15.2 The Customer shall not assign, transfer, mortgage, charge, subcontract, delegate, declare a trust over or deal in any other manner with any of its rights and obligations under the Contract without the prior written consent of the Company.
16.1 Any notice or other communication given to a party under or in connection with this agreement shall be in writing and shall be:
(a) delivered by hand or by pre-paid first-class post or other next working day delivery service at its registered office (if a Company) or its principal place of business (in any other case); or
(b) to the Company’s registered office
16.2 Any notice or communication shall be deemed to have been received:
(a) If delivered by hand, on signature of a delivery receipt; or
(b) if sent by pre-paid first-class post or other next working day delivery service, at 9.00 am on the second Business Day after posting.
This clause does not apply to the service of any proceedings or other documents in any legal action or, where applicable, any arbitration or other method of dispute resolution.
If any provision or part-provision of the Contract is or becomes invalid, illegal or unenforceable, it shall be
deemed modified to the minimum extent necessary to make it valid, legal and enforceable. If such modification is not possible, the relevant provision or part-provision shall be deemed deleted. Any modification to or deletion of a provision or part-provision under this clause shall not affect the validity and enforceability of the rest of the Contract.

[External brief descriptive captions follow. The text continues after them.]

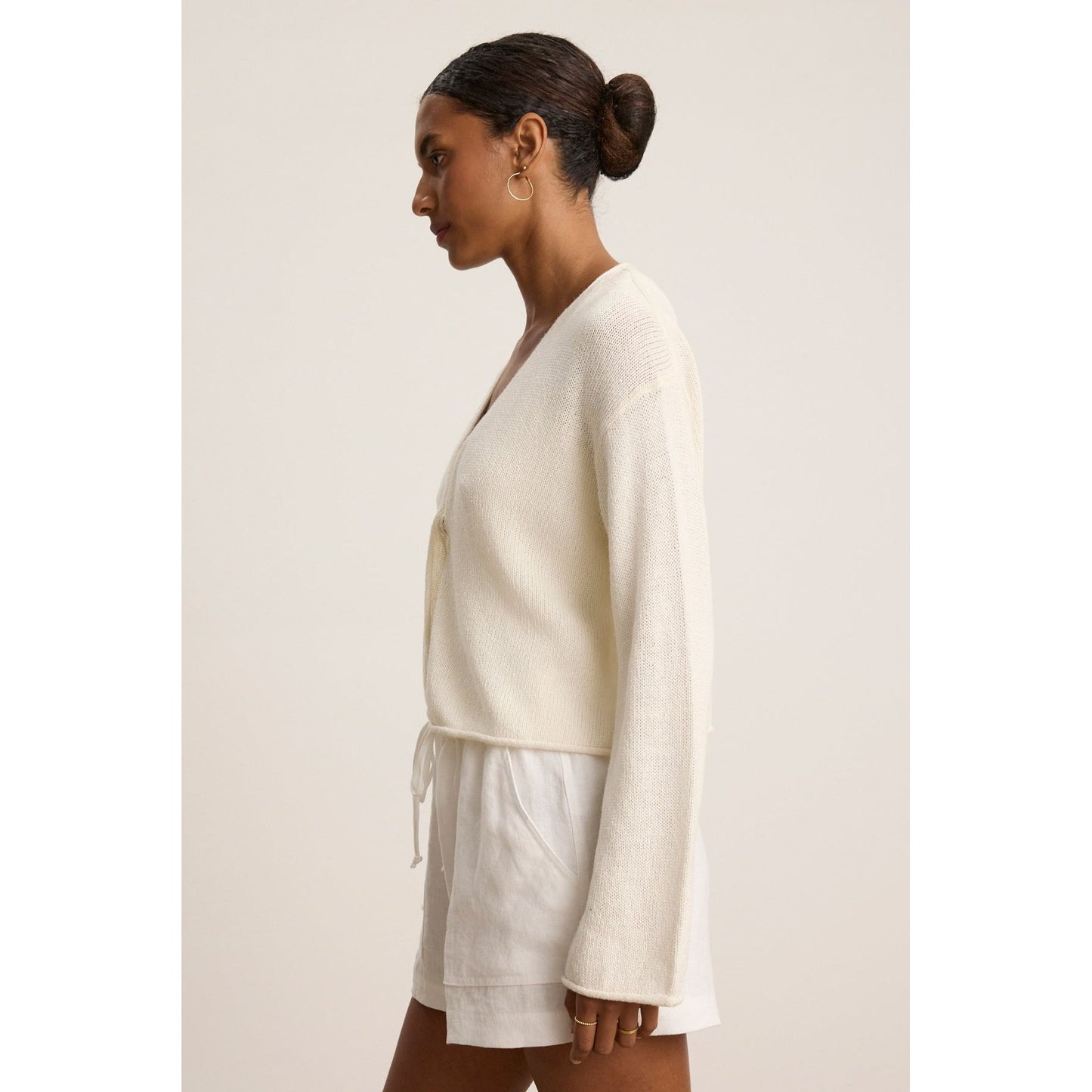 Velvet by Graham & Spencer Verity Organic Hemp Cotton Sweater in Milk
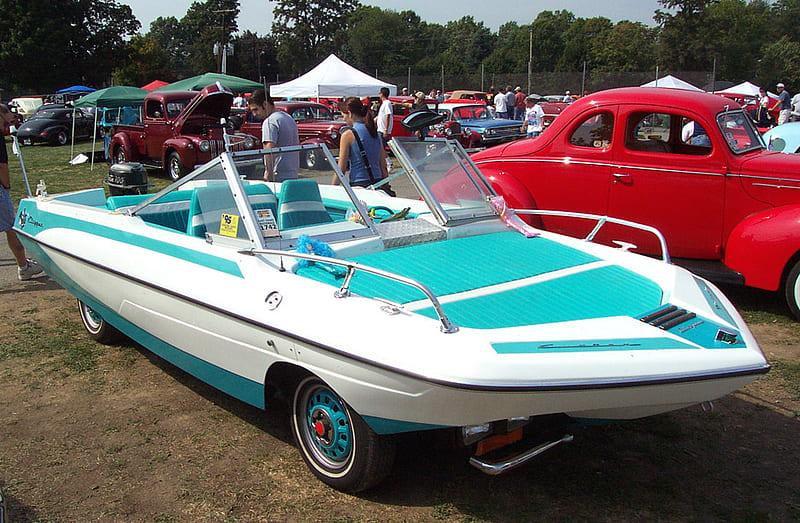 1964 Rambler Clipper, boat, car, HD wallpaper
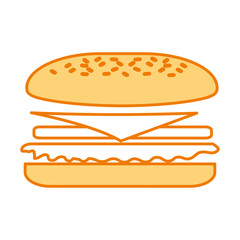 fast food sandwich menu restaurant lunch vector illustration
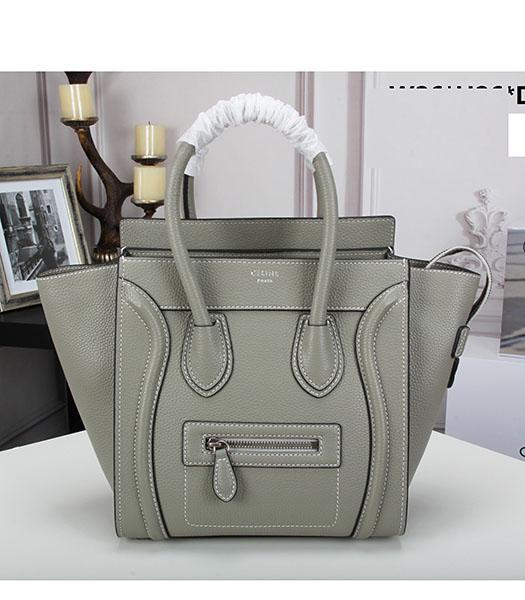 Celine Mini 26cm Small Tote Bag Litchi Veins Grey Leather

A waiver of any right or remedy under the Contract or by law is only effective if given in writing and shall not be deemed a waiver of any subsequent right or remedy. A failure or delay by a party to exercise any right or remedy provided under the Contract or by law shall not constitute a waiver of that or any other right or remedy, nor shall it prevent or restrict any further exercise of that or any other right or remedy. No single or partial exercise of any right or remedy provided under the Contract or by law shall prevent or restrict the further exercise of that or any other right or remedy.
19. No partnership or agency
Nothing in the Contract is intended to, or shall be deemed to, establish any partnership or joint venture between the parties, constitute either party the agent of the other, or authorise either party to make or enter into any commitments for or on behalf of the other party.
20. Entire agreement
20.1 The Contract constitutes the entire agreement between the parties and supersedes and extinguishes all previous agreements, promises, assurances, warranties, representations and understandings between them, whether written or oral, relating to its subject matter.
20.2 Each party acknowledges that in entering into the Contract it does not rely on and shall have no remedies in respect of any statement, representation, assurance or warranty (whether made innocently or negligently) that is not set out in the Contract. Each party agrees that it shall have no claim for innocent or negligent misrepresentation or negligent misrepresentation based on any statement in the Contract.
21. Third Party rights.
21.1 Unless it expressly states otherwise, the Contract does not give rise to any rights under the Contracts (Rights of Third Parties) Act 1999 to enforce any term of the Contract.
21.2 The rights of the parties to rescind or vary the Contract are not subject to the consent of any other person.
22. Governing law and Jurisdiction
The Contract and any dispute or claim (including non-contractual disputes or claims) arising out of or in connection with it or its subject matter or formation shall be governed by and construed in accordance with the law of England and Wales. Each party irrevocably agrees that the courts of England and Wales shall have exclusive jurisdiction to settle any dispute or claim (including non-contractual disputes or claims) arising out of or in connection with the Contract or its subject matter or formation.